Anbau unter Karl dem Großen

Bereits die Römer schätzten das Gemüse. Dessen Wildform war in ganz Europa und in Teilen Asiens verbreitet. Karl der Große (742-814), der das Frankenreich zu höchster Macht führte, verordnete für die Gärten auf Krongütern und Reichshöfen den Anbau von 68 Nutzpflanzen (Capitulare de Villis) an. Die Pastinake gehörte dazu. Die Pflanze aus der Familie der Doldengewächse avancierte in Deutschland zum Grundnahrungsmittel. Das galt, bis sie im 18. Jahrhundert von Kartoffel, Mohrrübe und Sellerie verdrängt wurde.

Winter-Delikatesse

In England, Frankreich, den Niederlanden sowie in Skandinavien und den USA wird die Pastinake heute großflächig angebaut. Im Winter gilt sie in diesen Ländern als Delikatesse. Sie sieht wie eine zu groß geratene Petersilienwurzel aus. Und sie schmeckt süßlich wie eine Mohrrübe und aromatisch wie Sellerie. Einheimische Pastinaken werden ab September vorwiegend auf Wochenmärkten angeboten. Die Hauptsaison ist von November bis April. Dann gibt es auch Exemplare von beachtlicher Größe und einem Gewicht von bis zu 1.500 Gramm.

Kühl lagern

Ich rate den Verbrauchern allerdings, eher kleinere Rüben zu kaufen. Die Riesen können schon mal holzig sein. Außerdem sollten Pastinaken an einem kühlen und trockenen Ort gelagert oder innerhalb einer überschaubaren Zeit verbraucht werden. Sonst trocknen sie aus.

Gesunde Inhaltsstoffe

Der wichtigste Grund meines Plädoyers für die Pastinake liegt übrigens nicht nur in ihrem intensiven, aromatischen Geschmack, sondern vor allem in ihrem ernährungsphysiologischen Wert. Ihr Nährwert übertrifft sowohl den der Möhre als auch den von Kohlrübe und Sellerie. Die wichtigsten Inhaltsstoffe sind Kohlenhydrate, Eiweiß und Fett. Dazu kommen Calcium, Kalium, Magnesium, Phosphor sowie vor allem Vitamine der B-Gruppe. Also, nichts wie ran an die Pastinaken – als Salat, Gemüse oder Püree.

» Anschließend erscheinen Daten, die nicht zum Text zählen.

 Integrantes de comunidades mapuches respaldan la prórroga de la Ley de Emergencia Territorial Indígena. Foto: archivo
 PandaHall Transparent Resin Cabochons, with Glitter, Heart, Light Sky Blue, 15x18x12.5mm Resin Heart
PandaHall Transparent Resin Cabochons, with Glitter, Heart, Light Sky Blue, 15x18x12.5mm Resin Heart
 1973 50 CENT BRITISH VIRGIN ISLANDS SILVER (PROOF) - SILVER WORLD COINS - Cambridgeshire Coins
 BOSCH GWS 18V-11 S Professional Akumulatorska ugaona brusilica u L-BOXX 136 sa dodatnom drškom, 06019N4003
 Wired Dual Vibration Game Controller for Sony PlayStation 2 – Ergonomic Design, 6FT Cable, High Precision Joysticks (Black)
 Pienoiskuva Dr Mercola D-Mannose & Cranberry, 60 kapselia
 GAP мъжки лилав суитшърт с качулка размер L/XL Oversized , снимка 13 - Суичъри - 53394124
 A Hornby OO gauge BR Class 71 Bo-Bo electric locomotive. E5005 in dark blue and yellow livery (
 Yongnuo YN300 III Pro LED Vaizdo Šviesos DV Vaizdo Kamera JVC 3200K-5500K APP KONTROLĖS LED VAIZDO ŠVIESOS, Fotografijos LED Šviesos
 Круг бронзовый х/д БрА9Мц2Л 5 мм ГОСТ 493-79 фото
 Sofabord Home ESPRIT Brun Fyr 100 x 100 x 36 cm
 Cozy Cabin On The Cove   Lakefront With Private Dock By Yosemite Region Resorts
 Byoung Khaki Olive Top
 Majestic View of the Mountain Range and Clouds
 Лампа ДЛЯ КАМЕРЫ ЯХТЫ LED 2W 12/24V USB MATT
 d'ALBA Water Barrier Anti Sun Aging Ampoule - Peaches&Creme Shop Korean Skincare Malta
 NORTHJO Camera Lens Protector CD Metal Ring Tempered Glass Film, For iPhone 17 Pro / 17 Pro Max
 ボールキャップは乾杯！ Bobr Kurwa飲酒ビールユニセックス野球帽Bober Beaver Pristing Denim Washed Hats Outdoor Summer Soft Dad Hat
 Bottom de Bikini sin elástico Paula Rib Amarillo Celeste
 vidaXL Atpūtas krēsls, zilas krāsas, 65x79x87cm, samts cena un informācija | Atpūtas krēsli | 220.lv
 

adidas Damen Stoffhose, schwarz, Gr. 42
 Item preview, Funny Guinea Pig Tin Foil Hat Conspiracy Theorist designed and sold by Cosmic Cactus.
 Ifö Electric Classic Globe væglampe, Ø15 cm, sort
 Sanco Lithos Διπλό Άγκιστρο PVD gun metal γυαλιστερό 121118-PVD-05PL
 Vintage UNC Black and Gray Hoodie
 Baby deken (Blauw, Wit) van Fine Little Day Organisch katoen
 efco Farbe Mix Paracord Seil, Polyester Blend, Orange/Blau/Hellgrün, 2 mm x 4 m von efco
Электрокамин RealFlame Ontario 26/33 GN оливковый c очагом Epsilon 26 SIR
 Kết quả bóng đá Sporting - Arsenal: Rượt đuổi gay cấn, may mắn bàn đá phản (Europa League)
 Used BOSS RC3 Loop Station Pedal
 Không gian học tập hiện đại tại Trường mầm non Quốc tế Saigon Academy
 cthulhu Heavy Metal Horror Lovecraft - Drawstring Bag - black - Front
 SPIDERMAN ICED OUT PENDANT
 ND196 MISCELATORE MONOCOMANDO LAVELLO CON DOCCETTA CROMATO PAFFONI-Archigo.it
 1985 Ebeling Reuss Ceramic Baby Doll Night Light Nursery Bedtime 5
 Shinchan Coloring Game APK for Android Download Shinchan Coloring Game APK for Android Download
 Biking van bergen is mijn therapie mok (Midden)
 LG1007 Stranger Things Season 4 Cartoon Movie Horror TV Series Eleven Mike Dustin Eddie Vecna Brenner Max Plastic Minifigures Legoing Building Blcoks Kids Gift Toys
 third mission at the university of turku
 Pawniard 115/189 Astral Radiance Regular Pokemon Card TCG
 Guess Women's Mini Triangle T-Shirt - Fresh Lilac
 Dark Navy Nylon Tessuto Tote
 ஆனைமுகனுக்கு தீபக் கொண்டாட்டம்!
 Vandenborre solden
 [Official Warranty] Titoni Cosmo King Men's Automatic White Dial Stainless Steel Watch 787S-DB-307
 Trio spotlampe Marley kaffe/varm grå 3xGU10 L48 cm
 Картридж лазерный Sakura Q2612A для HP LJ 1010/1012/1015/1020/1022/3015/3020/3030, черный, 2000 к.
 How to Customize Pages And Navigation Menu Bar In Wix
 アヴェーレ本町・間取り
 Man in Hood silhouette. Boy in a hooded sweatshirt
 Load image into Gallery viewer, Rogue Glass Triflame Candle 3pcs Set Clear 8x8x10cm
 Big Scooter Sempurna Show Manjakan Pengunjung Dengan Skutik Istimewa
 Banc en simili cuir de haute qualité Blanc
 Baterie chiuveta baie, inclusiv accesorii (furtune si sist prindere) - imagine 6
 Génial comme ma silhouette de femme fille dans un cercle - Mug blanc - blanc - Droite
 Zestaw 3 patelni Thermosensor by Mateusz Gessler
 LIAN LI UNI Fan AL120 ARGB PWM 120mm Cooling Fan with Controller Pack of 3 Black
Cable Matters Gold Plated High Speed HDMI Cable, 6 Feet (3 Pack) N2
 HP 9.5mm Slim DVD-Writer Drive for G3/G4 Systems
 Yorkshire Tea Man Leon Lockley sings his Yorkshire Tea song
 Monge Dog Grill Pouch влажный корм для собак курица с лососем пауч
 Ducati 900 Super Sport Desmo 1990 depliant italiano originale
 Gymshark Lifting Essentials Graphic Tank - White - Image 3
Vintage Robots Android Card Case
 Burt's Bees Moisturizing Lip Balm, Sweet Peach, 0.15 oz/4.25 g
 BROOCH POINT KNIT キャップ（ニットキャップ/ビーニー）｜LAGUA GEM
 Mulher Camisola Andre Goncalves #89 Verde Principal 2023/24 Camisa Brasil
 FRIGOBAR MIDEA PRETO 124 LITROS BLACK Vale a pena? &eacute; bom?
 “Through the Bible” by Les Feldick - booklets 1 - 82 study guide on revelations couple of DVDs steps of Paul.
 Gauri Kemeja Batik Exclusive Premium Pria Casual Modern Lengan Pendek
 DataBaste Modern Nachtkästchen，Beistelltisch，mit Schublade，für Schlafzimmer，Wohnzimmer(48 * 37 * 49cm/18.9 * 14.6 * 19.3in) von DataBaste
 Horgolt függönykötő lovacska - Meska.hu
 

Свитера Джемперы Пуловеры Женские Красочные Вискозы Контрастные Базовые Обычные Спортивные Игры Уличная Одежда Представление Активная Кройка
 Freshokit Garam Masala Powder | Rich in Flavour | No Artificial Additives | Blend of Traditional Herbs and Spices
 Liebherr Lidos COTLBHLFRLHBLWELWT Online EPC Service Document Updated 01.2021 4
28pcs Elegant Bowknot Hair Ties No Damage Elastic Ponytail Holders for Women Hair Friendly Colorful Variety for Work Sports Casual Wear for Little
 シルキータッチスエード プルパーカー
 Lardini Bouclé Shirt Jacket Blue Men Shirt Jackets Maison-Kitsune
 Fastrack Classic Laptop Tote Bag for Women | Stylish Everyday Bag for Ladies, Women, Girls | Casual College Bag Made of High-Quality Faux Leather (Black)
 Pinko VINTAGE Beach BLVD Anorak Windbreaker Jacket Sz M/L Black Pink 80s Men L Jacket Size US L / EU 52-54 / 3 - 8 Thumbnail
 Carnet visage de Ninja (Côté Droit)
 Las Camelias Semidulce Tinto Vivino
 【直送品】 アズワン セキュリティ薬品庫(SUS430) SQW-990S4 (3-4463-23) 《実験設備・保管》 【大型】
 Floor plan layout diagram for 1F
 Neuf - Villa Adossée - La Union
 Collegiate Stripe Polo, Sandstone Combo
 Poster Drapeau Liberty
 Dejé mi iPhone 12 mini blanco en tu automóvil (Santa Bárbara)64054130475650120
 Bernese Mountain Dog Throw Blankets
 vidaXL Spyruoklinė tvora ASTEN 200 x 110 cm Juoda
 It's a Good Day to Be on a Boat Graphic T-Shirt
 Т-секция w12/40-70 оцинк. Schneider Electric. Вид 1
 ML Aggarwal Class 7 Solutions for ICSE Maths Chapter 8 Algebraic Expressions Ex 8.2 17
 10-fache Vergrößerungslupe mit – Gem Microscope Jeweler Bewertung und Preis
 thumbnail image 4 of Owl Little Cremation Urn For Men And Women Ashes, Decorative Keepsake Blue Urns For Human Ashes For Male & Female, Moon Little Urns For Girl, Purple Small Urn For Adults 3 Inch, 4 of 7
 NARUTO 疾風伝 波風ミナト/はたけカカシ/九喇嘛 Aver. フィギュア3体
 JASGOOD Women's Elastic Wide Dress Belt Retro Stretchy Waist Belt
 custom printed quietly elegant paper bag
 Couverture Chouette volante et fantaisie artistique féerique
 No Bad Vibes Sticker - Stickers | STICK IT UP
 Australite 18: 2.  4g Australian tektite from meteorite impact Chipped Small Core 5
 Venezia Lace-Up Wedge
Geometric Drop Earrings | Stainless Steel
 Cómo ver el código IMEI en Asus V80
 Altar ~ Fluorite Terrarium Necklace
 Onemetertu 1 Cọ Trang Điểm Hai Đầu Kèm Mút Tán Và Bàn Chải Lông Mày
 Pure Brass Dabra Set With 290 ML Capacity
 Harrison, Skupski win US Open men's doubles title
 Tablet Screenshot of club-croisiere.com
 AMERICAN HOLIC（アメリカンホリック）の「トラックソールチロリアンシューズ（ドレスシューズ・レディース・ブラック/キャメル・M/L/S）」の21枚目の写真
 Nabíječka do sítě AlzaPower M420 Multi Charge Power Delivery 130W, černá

Spitzkohl – Kohldampf auf Kohlgemüse

Es gibt glamouröseres Gemüse als den Spitzkohl. Kein Wunder, dass die Kopfkohlart hierzulande jahrzehntelang als altbackenes Kraut verschrieen war. Im Ranking der beliebtesten Gemüsesorten kam sie über einen Platz in der letzten Reihe nicht hinaus. Das änderte sich, als Coleslaw, die amerikanische Variante des Krautsalats, und das koreanische Kimchi die deutschen Küchen eroberten. Kohl liegt inzwischen im Trend, Spitzkohl insbesondere.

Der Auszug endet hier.